*** Materials provided ***

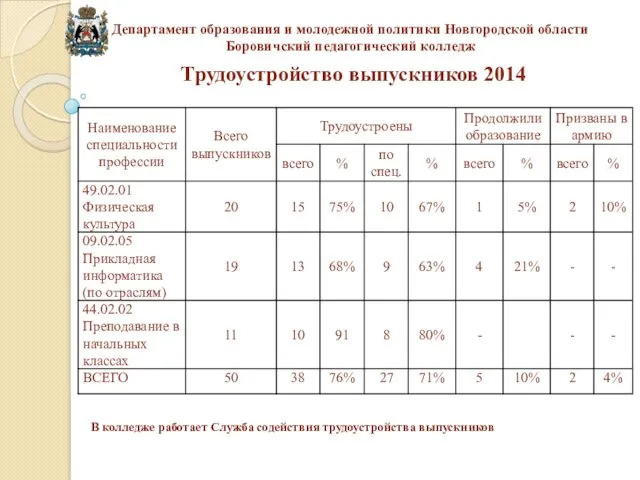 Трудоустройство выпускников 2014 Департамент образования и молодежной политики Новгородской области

*** End of Materials provided ***
*** Materials provided ***

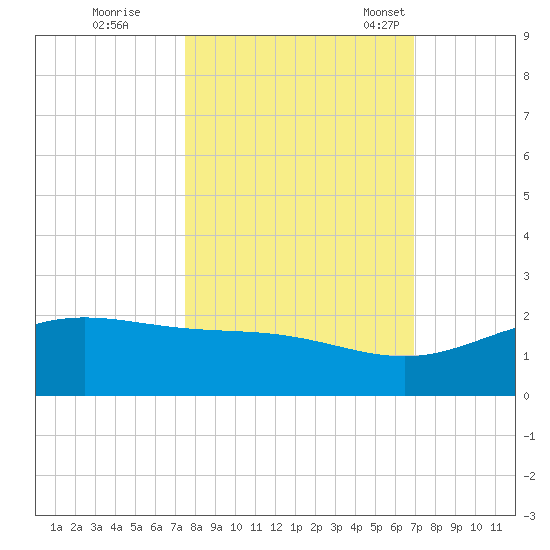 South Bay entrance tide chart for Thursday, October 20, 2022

*** End of Materials provided ***
*** Materials provided ***

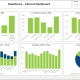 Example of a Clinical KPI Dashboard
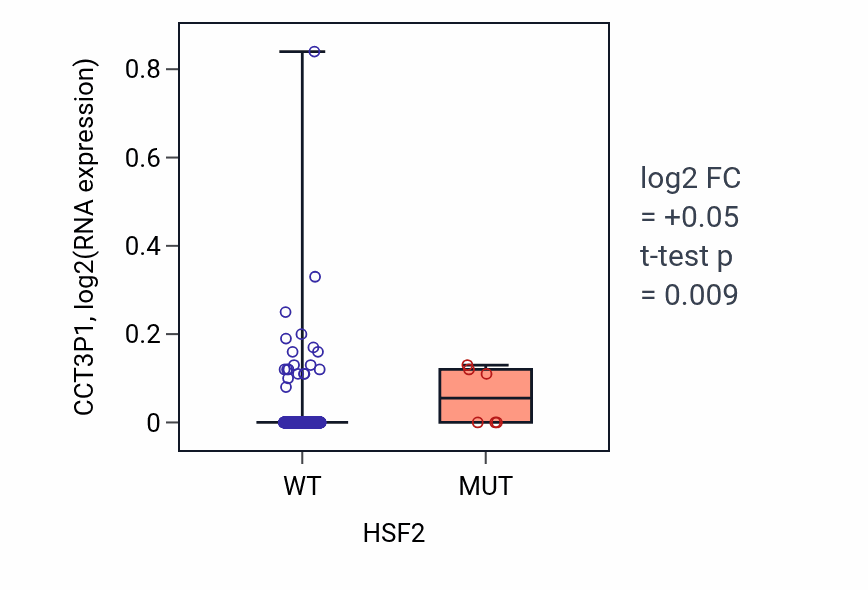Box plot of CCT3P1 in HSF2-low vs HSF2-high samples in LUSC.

*** End of Materials provided ***

• _Exercise_
In the data above, find the line containing "Example of a Clinical KPI Dashboard" and the line containing "Box plot of". Repeat those two lines and everything between them exactly, minus the pictures.

• _Answer section_
 Example of a Clinical KPI Dashboard
Box plot of CCT3P1 in HSF2-low vs HSF2-high samples in LUSC.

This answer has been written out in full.